DATA TO PROCESS:
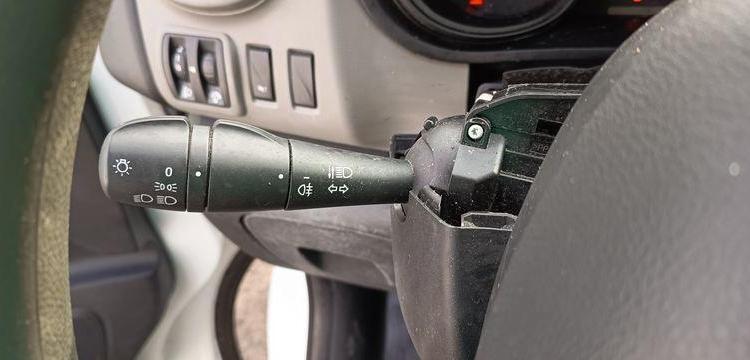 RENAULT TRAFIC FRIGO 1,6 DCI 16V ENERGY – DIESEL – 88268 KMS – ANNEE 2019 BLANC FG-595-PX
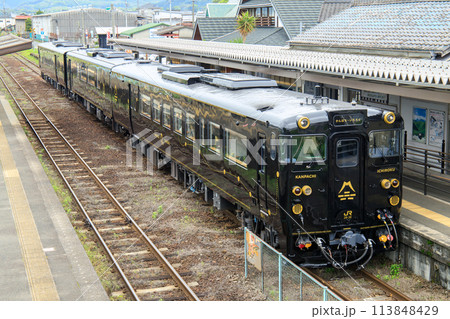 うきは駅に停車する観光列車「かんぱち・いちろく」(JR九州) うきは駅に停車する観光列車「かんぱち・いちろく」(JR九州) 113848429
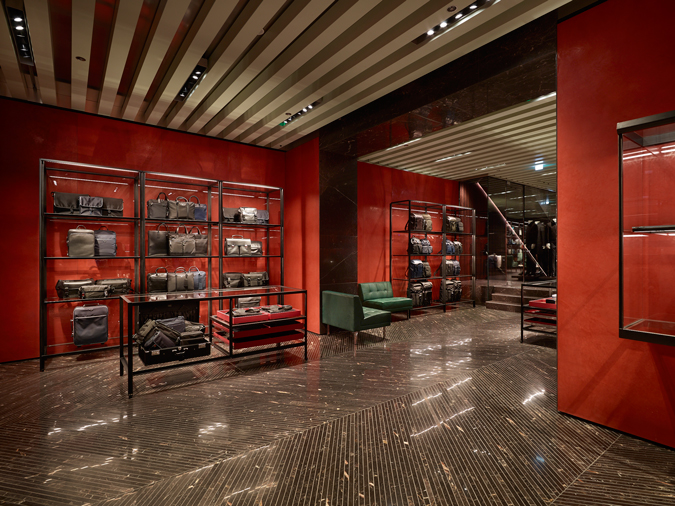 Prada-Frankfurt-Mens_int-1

---

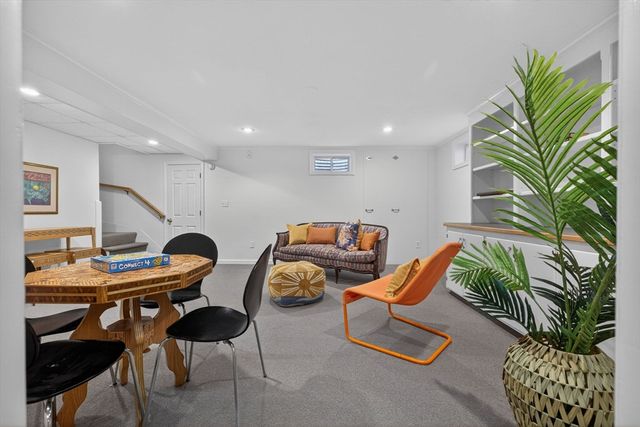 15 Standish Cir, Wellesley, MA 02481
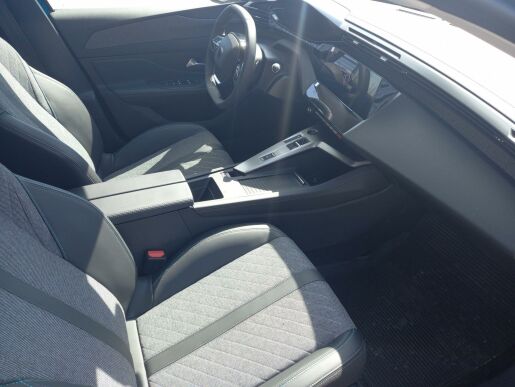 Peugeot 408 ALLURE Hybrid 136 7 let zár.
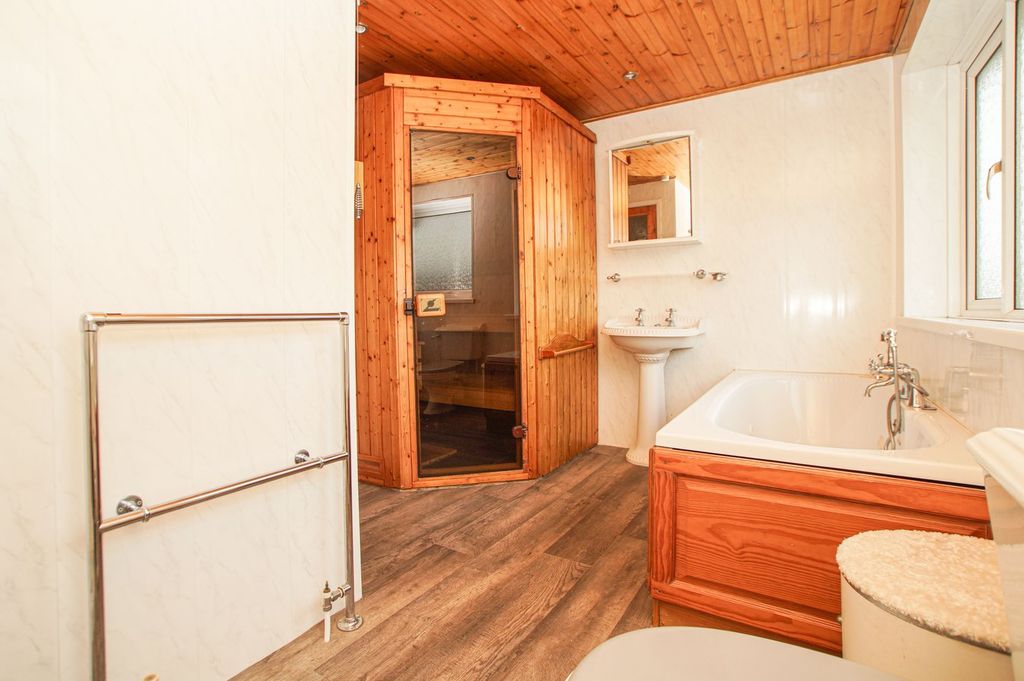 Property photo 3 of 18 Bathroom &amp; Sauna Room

TASK TO COMPLETE:
Exercise for the records above: copy only the lines from the one with "RENAULT TRAFIC FRIGO" to the one with "Prada-Frankfurt-Mens_int-1", both ends kept, and drop the pictures.

EXERCISE RESPONSE:
 RENAULT TRAFIC FRIGO 1,6 DCI 16V ENERGY – DIESEL – 88268 KMS – ANNEE 2019 BLANC FG-595-PX
 うきは駅に停車する観光列車「かんぱち・いちろく」(JR九州) うきは駅に停車する観光列車「かんぱち・いちろく」(JR九州) 113848429
 Prada-Frankfurt-Mens_int-1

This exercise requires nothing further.